Extracellular matrix (ECM) proteins exert comito-genic effects on T cell activation in vitro, and may play a role in selective lymphocyte migration and tissue positioning in vivo. However, putative roles of ECM in host immune responses leading to graft rejection remain largely obscure. The present study evaluates intragraft expression of prominent ECM components, laminin (LN) and fibronectin (FN), and analyzes their interactions with host cellular repertoire in a well-defined cardiac allograft model in sensitized rats.
(LEWxBN)F1 cardiac allografts are rejected within 24 hr in sensitized LEW rats. Immunohistochemical analysis has revealed that this brisk rejection response was associated with an early increase in the intermyocyte and endothelial deposition of LN and FN at the graft site, with their peak at 6 hr after transplantation. The upregulation of ECM preceded intra-graft cellular infiltration, which at 6 hr consisted primarily of monocytes and macrophages.

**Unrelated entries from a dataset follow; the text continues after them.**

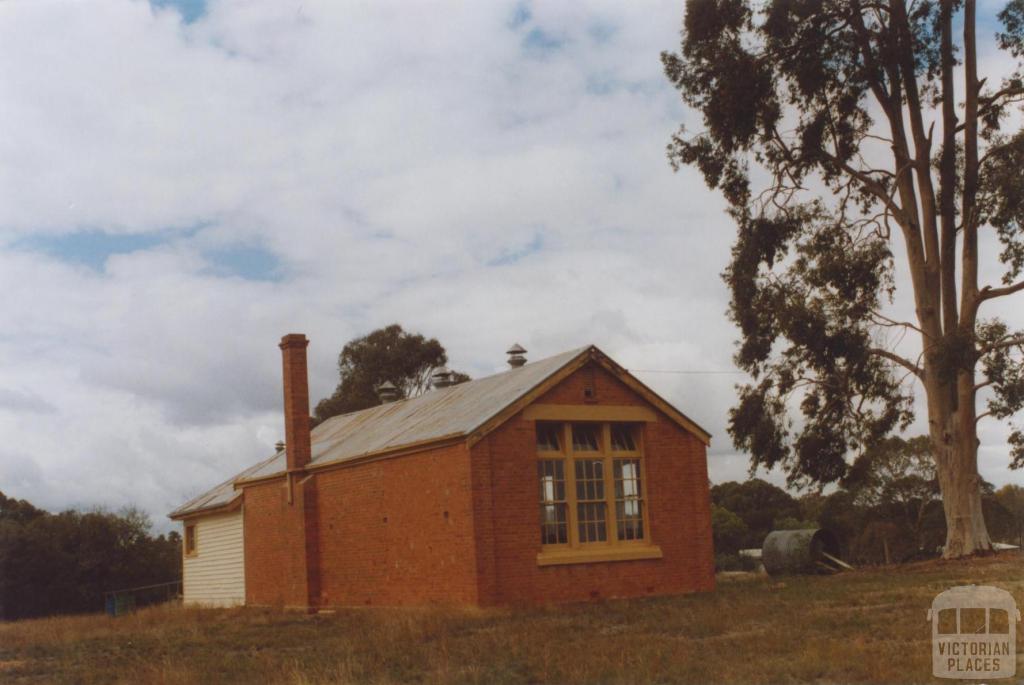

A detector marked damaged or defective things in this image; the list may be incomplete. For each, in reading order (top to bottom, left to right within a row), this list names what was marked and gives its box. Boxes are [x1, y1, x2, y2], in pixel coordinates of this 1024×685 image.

rusty water tank [761, 528, 839, 573] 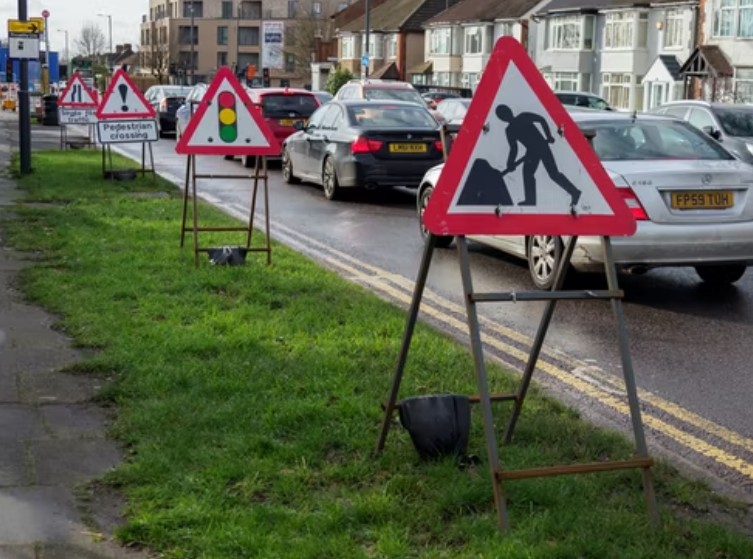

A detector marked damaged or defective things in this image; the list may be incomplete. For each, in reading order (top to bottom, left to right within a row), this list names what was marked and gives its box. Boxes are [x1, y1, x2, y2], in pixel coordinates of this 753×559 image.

rusty metal leg [374, 233, 434, 456]
rusty metal leg [456, 236, 508, 532]
rusty metal leg [506, 236, 576, 446]
rusty metal leg [600, 238, 656, 528]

The infiltrating cells localized selectively in FN-rich cardiac interstitial and perivascular areas, as documented by two-color staining and laser scanning confocal microscopy. Marginal and transient increase in ECM expression was noted within control isografts. Next, we tested the role of ECM proteins in systemic lymphocyte recirculation. Specifically sensitized lymph node lymphocytes (LNL) were labelled in vitro with a DNA-binding fluorochrome, H33342, and injected i.v. into secondary engrafted recipients, which were sacrificed 6 hr later. These LNL were detected within host cervical lymph nodes in close association with FN deposits. Moreover, LNL labeled in vitro with a cationic membrane-binding fluorochrome, Di “I”, were traced in hosts the lymph nodes of which were analyzed for simultaneous detection of LN and FN. Again, transferred LNL migrated selectively to FN-containing compartments, as shown by laser scanning confocal microscopy.
Thus, ECM proteins should be regarded as active and important participants in host immune responses leading to graft rejection. FN may act as an ECM component “signal” for graft-infiltrating cells, and may play a key role in selective homing and specific tissue positioning of recirculating specifically sensitized lymphocytes in host peripheral lymphoid tissues.